One of the early arguments for a first strike was the ability to target military installations only.
Due to the limitations in early US targeting ability, a US counter strike likely meant having to go with a counter-value response instead of a counter-force one. Meaning bigger targets like cities over smaller military-only targets.
So if you worked under the presumption that war with the Soviets was inevitable, a first strike avoided mass casualties in the magnitude of 10s of millions in favor of decapitating military targets.
So yes, there is a logical argument that it would be the more ethical choice.
It wasn't until the 80's with advances in both surveying/geodesy (predicting precise ballistic trajectories taking into account local variances in gravity) and targeting/ delivery accuracy (B-1, B-2, peacekeeper ICBMs, and better SLBMs) that the game-theory changed.
That's just not realistic. The Soviet army relied on its productive capabilities to wage war. Without destroying cities, nuclear war with the USSR would simply be absurd.
Beyond that, American intelligence in the USSR was weak, and they wouldn't have been able to pin down high value military targets. They'd also have serious issues striking deep within the USSR.
Von Neumann also recommended that Kyoto, instead of Hiroshima or Nagasaki, be nuked, despite it having very little military significance and leading to many more deaths.
By the time he started proposing a strike of the USSR, the USSR had already started deploying early warning radar, jet interceptors and even guided missile systems designed specifically to stop B-29s carryig nuclear bombs. In testing they proved to be even more effective than needed to completely protect the installations they were defending against slow and heavy bombers. A strike in 1951 would have been a total disaster and would have not at all stopped their industry. The US didn't even know where they were making bombs.

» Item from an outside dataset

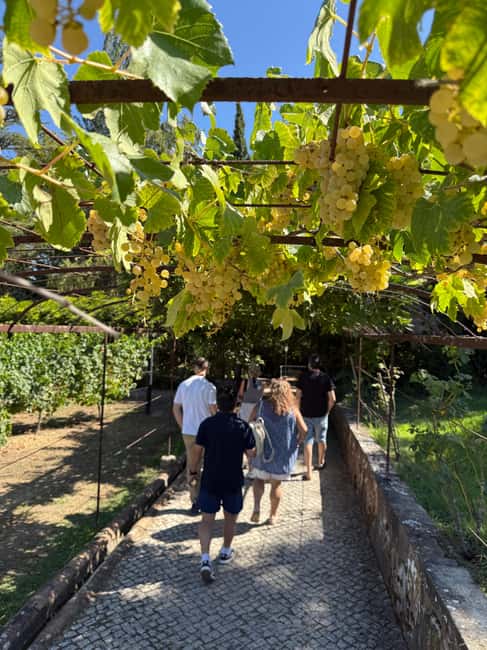 From Lisbon: Amazing Horseback Ride, Tasting, Estates, and Cristo Rei - Booking details worth knowing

His political views were that coexistence with the USSR was impossible. As it turns out, the USSR had no plans of invading the US, he was simply wrong.
Let's not try to whitewash history. Neumann knew that Soviet intelligence and counter intelligence was formidable. He knew that the strength of the Soviet military was in its cities . He had already recommended nuclear strikes on civilian population centers with low military value. He was noted by his fellow physicists to be unperturbed by his work. It's quite unlikely that he had any illusions about what as needed to actually stop the Soviet war machine.

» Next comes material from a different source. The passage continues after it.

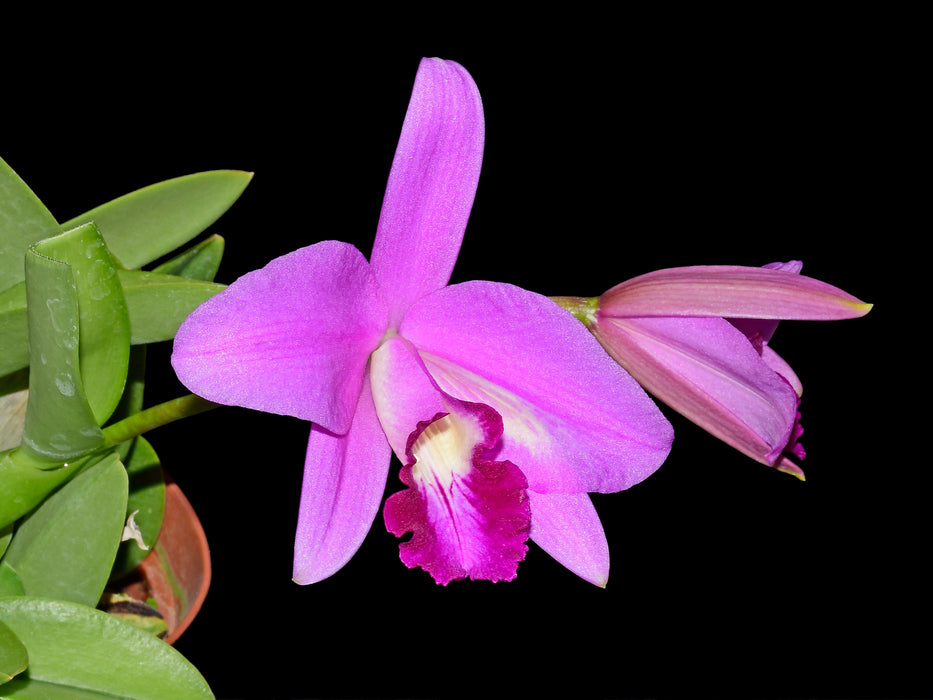 Cattleya sincorana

He thought that the Soviet Union could coexist with the US. He was violent in his hatred of the Soviets and was militaristic. He thought that the US had to defeat the Soviets sooner than later. Surely we both realize that this means millions of dead.
That's what you're doing by discounting what was a fairly popular political opinion of the time.

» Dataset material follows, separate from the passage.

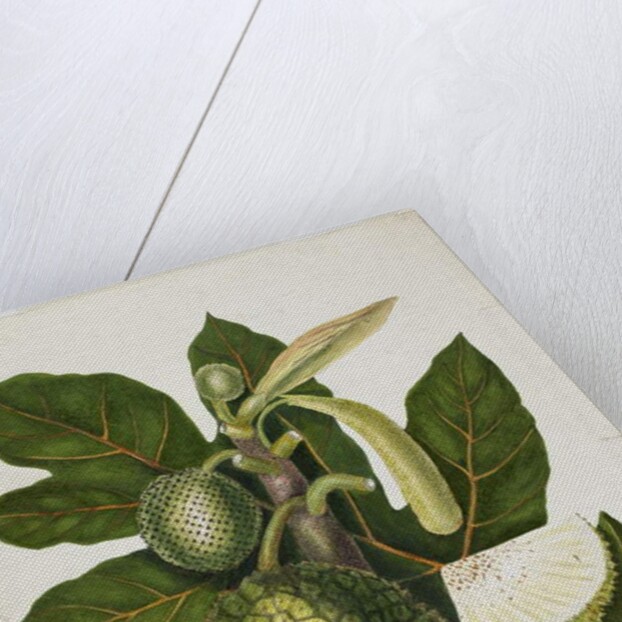 Artocarpus Incisa, December 1866 by Priscilla Susan Bury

>That's just not realistic. The Soviet army relied on its productive capabilities to wage war.
None of that matters if you get hit with a Soviet first strike.
The main goal wasn't to take out the conventional war machine, but the Soviet Nuclear capabilities. Counter force vs counter value.
And this was before "Spheres of Influence" was accepted as a realistic possibility on either side, when the admitted Soviet policy was that communism had to be spread worldwide, even if it came to instigating war. So a first strike wasn't just thought possible, but expected.
>That's what you're doing by discounting what was a fairly popular political opinion of the time.
Yes, the US in the 1950s had a fairly high amount of absolutely insane but fairly popular political opinions. For example numerous generals were advocating massive nuclear strikes on North Korea and the dissemination of radioactive material on the border with China. That doesn't even begin to excuse anyone.
>None of that matters if you get hit with a Soviet first strike.
>The main goal wasn't to take out the conventional war machine, but the Soviet Nuclear capabilities. Counter force vs counter value.
The USSR had no ability to deal a debilitating first strike to the US.
>And this was before "Spheres of Influence" was accepted as a realistic possibility on either side, when the admitted Soviet policy was that communism had to be spread worldwide, even if it came to instigating war. So a first strike wasn't just thought possible, but expected.
This is nothing less than complete historical revisionism. By the 1920's the dogma of "socialism in one country" was official Soviet policy under Stalin. Anyone that disagreed that socialism only had to be realized in the USSR was contradicting the party line and subject to be purged at any moment. To be sure, the USSR still supported communist parties around the world, but it explicitly eschewed the invasion of countries to install communism, instead it would only be done if it was necessary to protect Soviet socialism.
The idea that communism had to be instigated by war around the world was Trotsky and co doctrine of "permanent revolution". Notably, the first was exiled and assassinated. This doctrine while in the early days relatively popular in the Party never came close to being the official position of the party.
IIRC the quote I've seen on HN, it wasn't "nuke USSR as soon as possible", but more like "given that you already want to nuke Moscow tomorrow, why not do it today?".
That was not his reason, as I stated in another comment. You're free to educate yourself about his thoughts on the matter, which would be much more productive than a snarky comment.
I have already. I don't believe what he said publicly. I see no reason why I would have to. He was noted to be much more cruel and unconcerned with the destructive power of the nuclear bomb than his peers and recommended the nuking of civilian targets. He spoke of the necessity to destroy the USSR on ideological grounds. The idea that a preemptive strike would be limited against a nuclearly armed country is preposterous and ridiculous, and he had already suggested nuking for population destruction instead of military use.
Yes, but due to ethical considerations. One doesn't have to agree with the outcome of his reasoning, but it's well established that his reasons were ethical, not cynical or egoistic.
He was convinced that without an American preemptive strike, even more would die. He was wrong of course, as we now know, but it wasn't clear at that time.
There's an episode of Hardcore History on this topic, I think the title was "Destroyer of Worlds".
It was pretty clear at the time that the Soviets had no intention or capability to destroy the US in such a way that the US would not able to respond with a nuclear strike.
He was noted by his colleagues to be exceptionally unperturbed by his work. He recommended that the US strike Kyoto despite having no military significance to speak of.
He himself admitted that he was ideologically violently opposed to the existence of the USSR. It's clear that his motives were not about minimizing death and destruction.